LiDAR branch: a two-head network outputting both RGB (camera supervision) and $(r, \text{intensity})$ (LiDAR supervision) from the same density field.

The key result: for static/semi-static scenes, we could synthesize sensor data from novel viewpoints that was indistinguishable from real data to our perception model (measured by detection AP on held-out synthetic vs. real comparisons).

What still breaks

Fast motion. A cyclist traveling at 25 km/h moves ~0.7 m per frame at 10 Hz. When the 3-D tracker loses the object (occlusion, crowded scenes), the NeRF degrades significantly.

Long log segments. NeRF optimized over a 60-second log covers more of the scene but is much harder to optimize. The scene changes and the neural field has no way to represent time-varying static structure cleanly.

Radar.
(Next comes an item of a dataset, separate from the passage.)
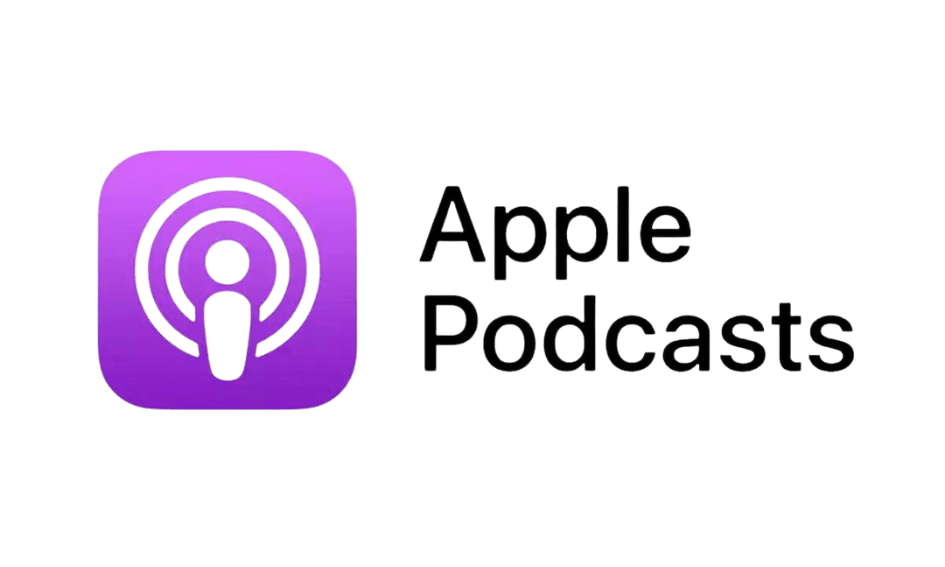 Abonnez-vous sur Apple podcast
Radar reflections have fundamentally different physics (specular multipath, Doppler) that don't map naturally to a density-based volume.

Where this is going

The next frontier is generative NeRF — instead of reconstructing a scene from real sensor data, generate plausible new scenes conditioned on map layout and agent behavior specifications. Diffusion-model-based approaches that output driving video conditioned on scene graphs are emerging from Waymo, Wayve, and academic labs.
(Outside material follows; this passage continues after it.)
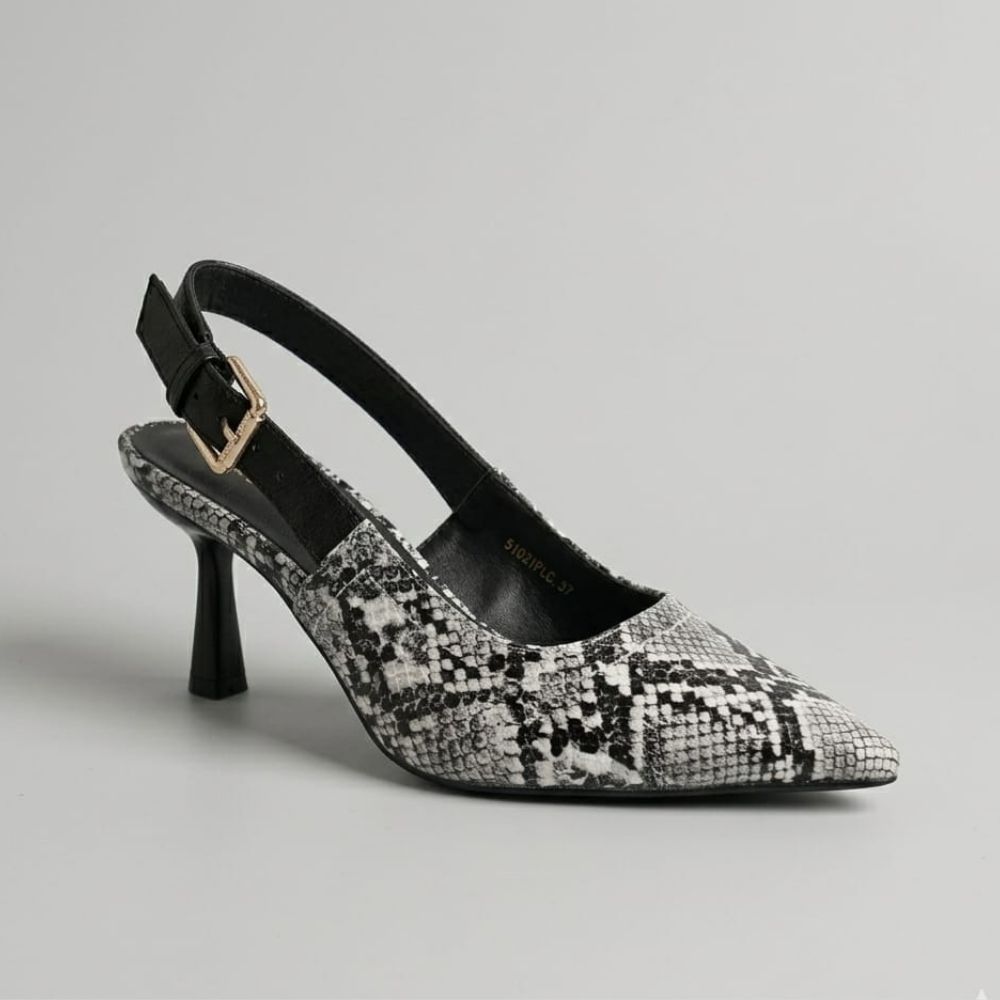 סנדל אלגנטי עקב גבוה טקסט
Thesis Neural rendering isn't replacing simulation — it's replacing the asset pipeline. The physics simulation stays. What changes is how scene geometry and appearance are represented: from hand-crafted meshes to learned continuous fields fit directly to real-world sensor logs.

References

Mildenhall et al., NeRF: Representing Scenes as Neural Radiance Fields for View Synthesis, ECCV 2020.
Müller et al., Instant Neural Graphics Primitives, SIGGRAPH 2022.
Tancik et al., Block-NeRF: Scalable Large Scene Neural View Synthesis, CVPR 2022.
UniSim, A Neural Closed-Loop Sensor Simulator, CVPR 2023 (Waymo).